Gérard Depardieu et Nicole Garcia dans Mon oncle d'Amérique d'Alain Resnais. Tirage argentique de 1979, collection particulière.

Malgré leur ton plutôt neutre, les auteures ne s’empêchent pas quelques piques, comme envers Nos plus belles vacances où l’image des Bretons leur apparaît dévalorisée, au-delà du ressort de la comédie. Il n’empêche que le Cinéma aime retrouver en Bretagne sa lande, ses rochers, son bistrot aux habitués bourrus, mais aussi de nombreuses autres petites choses (autour des ambiances portuaires par exemple) qui rendent la région un peu moins intemporelle et permettent au spectateur de se dépayser.

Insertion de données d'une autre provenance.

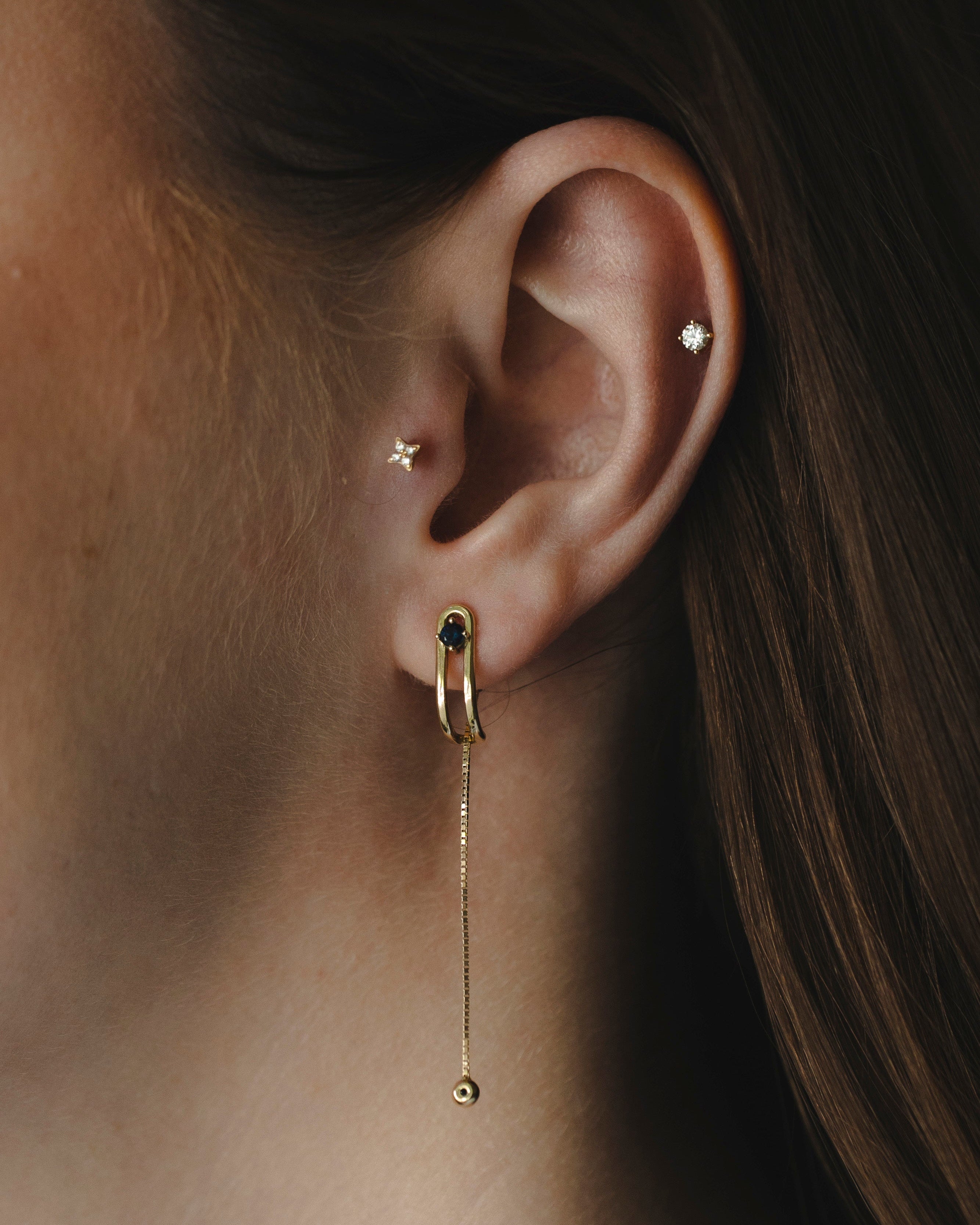 עגיל 12 - ספיר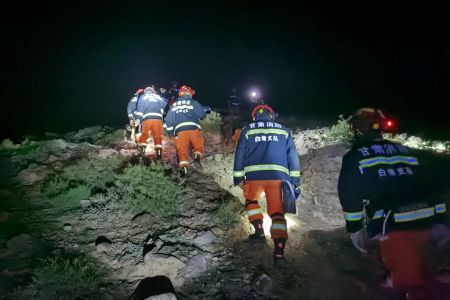 Gansu search party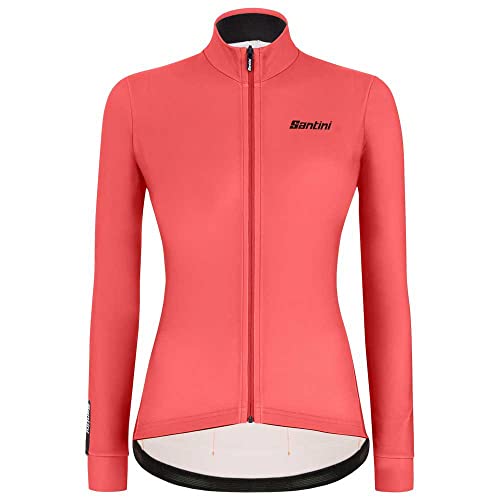 Santini Color LS Jersey Mujeres granadina/coral fluo 2020 Bike Jersey manga larga, Mujer, coral, L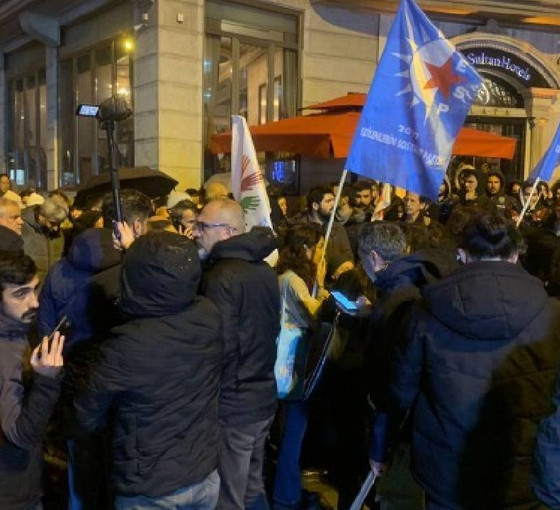 Şişhane Meydanı’nda Rojava protestosu: 50'ye yakın gözaltı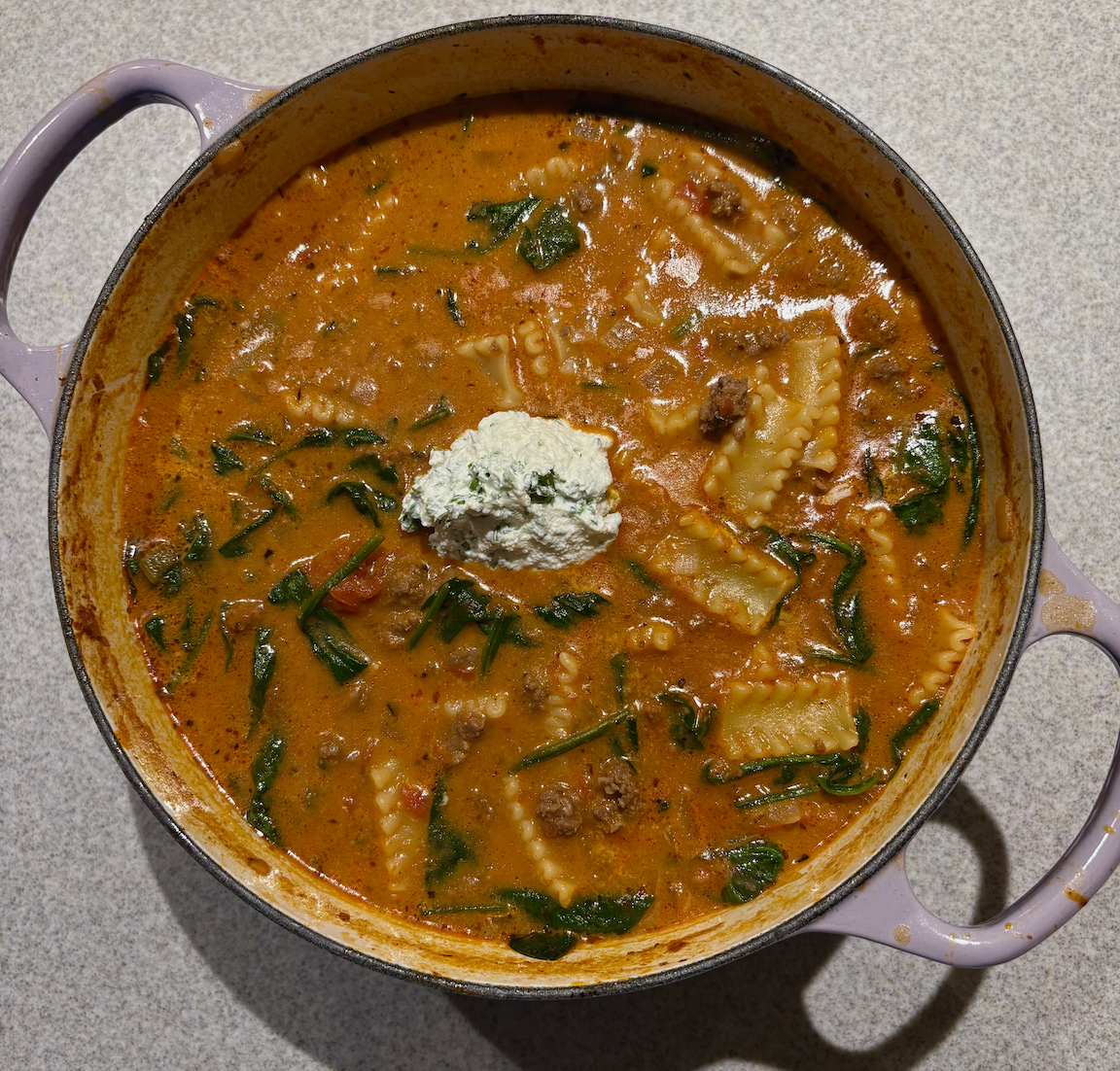 Easy Lasagna Soup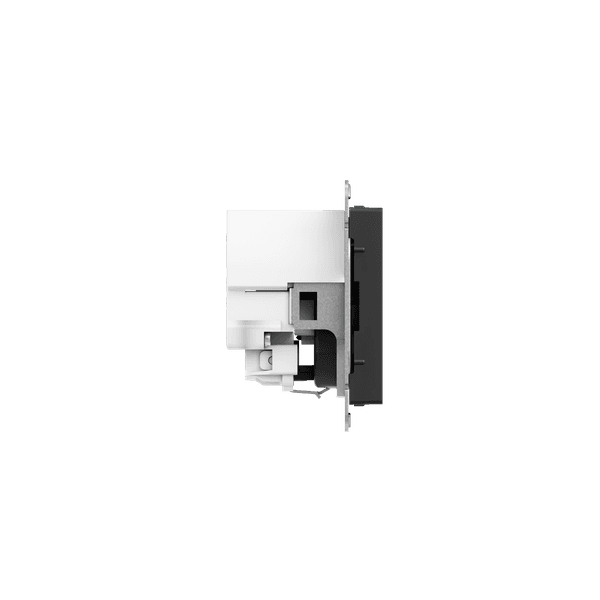 EKF Механизм розетки с USB-A+С - 2шт, 16А, с заземлением, со шторками, чёрный Эпика — миниатюра 3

La Bretagne au cinéma est un bel ouvrage à picorer au gré des envies, à moins de vouloir s’embarquer pour une plus longue et plaisante lecture.

Johan VINCENT

 

BLANCHARD, Nolwenn et Maria, La Bretagne au cinéma, avec la collaboration de Loïc Blanchard, préface de Manuel Poirier, Paris, Riveneuve éditions, collection « Cinéma », 2015.

 

 

 

1 BLANCHARD, Nolwenn et Maria, La Bretagne au cinéma, avec la collaboration de Loïc Blanchard, préface de Manuel Poirier, Paris, Riveneuve éditions, collection « Cinéma », 2015.

2 PERRON, Tangui, Le Cinéma en Bretagne, Rennes, Palantines, 2006.